How a simple black guy from Cuba became the most influential jeweler in America in the 60s: The steel character and silver abstractions of Arthur Smith.

The biography of jeweler Arthur Smith is full of contrasts. He never fit into the roles and demands that society placed on him. Smith was a black guy from Cuba – and one of the most influential American jewelers of the mid-20th century. He was warned against an artistic career – and he began to create in spite of it. His jewelry was worn by Eleanor Roosevelt and all the dark-skinned bohemians of New York.
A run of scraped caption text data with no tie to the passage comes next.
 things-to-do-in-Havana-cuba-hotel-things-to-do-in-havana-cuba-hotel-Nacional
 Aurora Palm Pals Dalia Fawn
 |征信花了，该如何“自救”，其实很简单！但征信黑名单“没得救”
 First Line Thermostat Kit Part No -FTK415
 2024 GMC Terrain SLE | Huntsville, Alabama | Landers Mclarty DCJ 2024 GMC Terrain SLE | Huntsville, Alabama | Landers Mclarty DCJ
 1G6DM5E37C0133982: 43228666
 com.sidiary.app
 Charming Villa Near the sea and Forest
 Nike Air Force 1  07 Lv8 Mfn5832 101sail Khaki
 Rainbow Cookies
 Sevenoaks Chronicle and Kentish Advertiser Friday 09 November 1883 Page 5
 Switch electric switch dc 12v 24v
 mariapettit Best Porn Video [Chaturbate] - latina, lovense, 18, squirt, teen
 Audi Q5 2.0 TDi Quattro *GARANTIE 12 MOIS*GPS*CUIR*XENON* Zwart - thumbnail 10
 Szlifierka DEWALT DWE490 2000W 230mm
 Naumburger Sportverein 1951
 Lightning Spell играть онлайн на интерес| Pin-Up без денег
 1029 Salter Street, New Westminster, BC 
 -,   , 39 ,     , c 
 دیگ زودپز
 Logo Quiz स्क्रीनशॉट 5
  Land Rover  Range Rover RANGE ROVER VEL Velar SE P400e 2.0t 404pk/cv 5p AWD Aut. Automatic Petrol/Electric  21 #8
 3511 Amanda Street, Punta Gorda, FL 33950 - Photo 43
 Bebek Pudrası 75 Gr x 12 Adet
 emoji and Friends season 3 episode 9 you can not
He survived misunderstanding, bullying and threats of physical violence – and remained in history not only as a creator, but also as an inspirer.
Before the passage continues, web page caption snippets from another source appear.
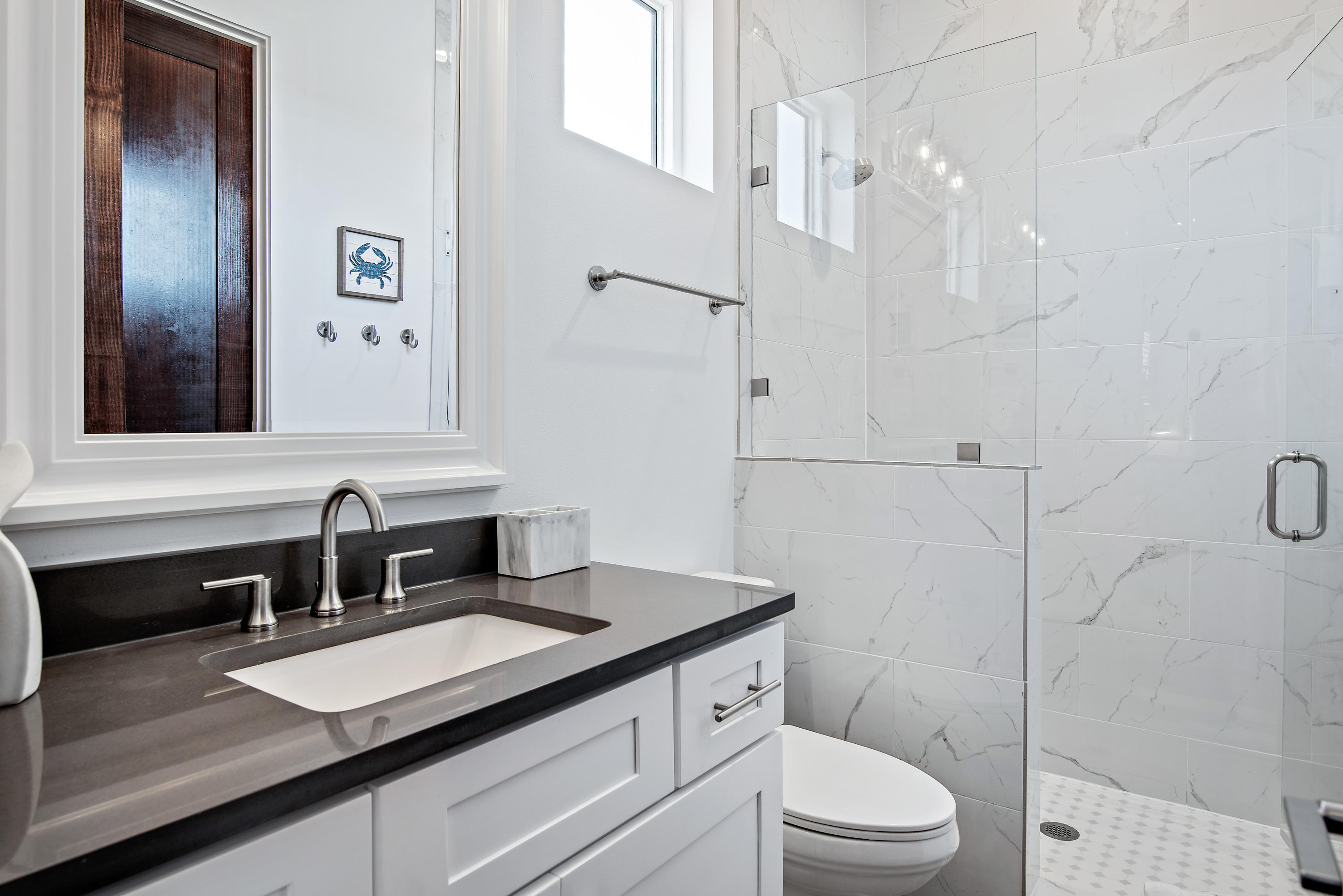 The Retreat at Miramar - Residential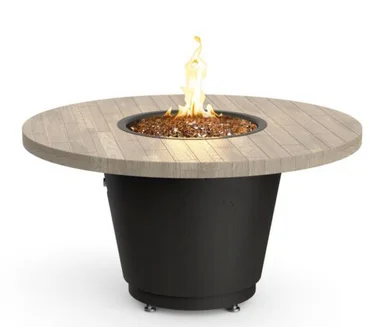 modlivingspaces20260701173436943686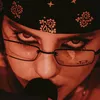 karna.val6631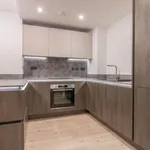 Rent 1 bedroom flat in West Midlands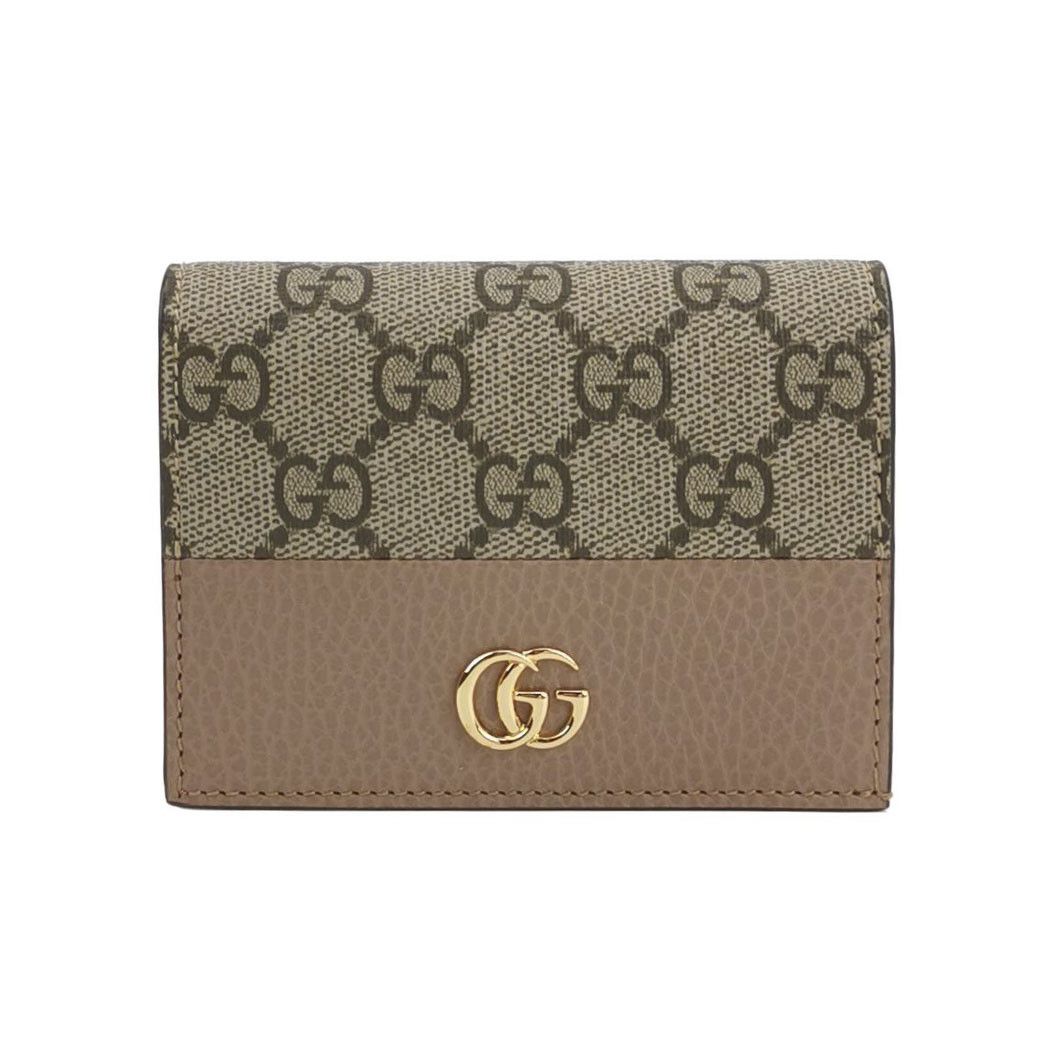 Gucci Gucci Women os Wallets Size ONE SIZE - 1 Thumbnail
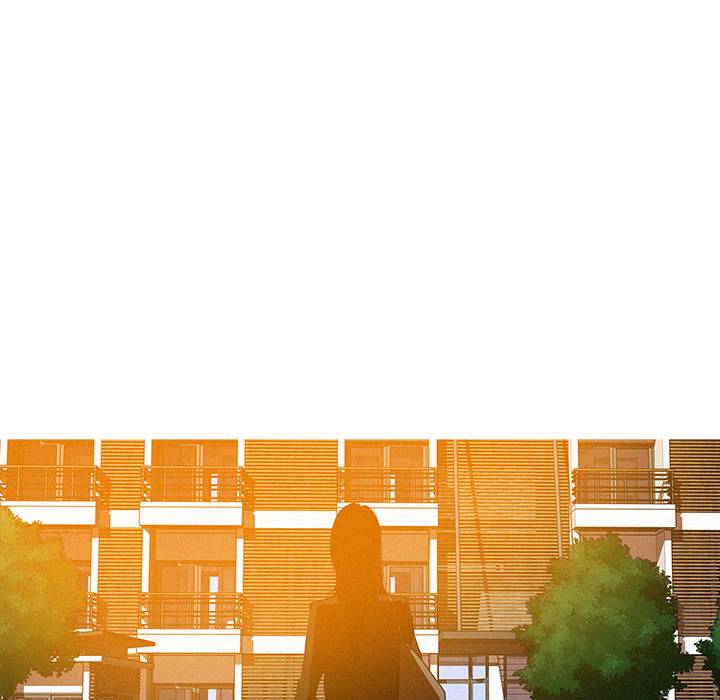 Paradise Lost - Chapter 4 [photo 9] - MangaPorn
Arthur Smith was born in 1917. His parents moved to Cuba from Jamaica. After completing his studies at school, he continued his education in the field of art and even received a scholarship to study. He decided to pursue sculpture and took a night course in jewelry making at New York University.
After graduating in 1940, Smith worked first for the National Youth Administration and then for Junior Achievement, an organization that helps teenagers choose careers and solve employment problems.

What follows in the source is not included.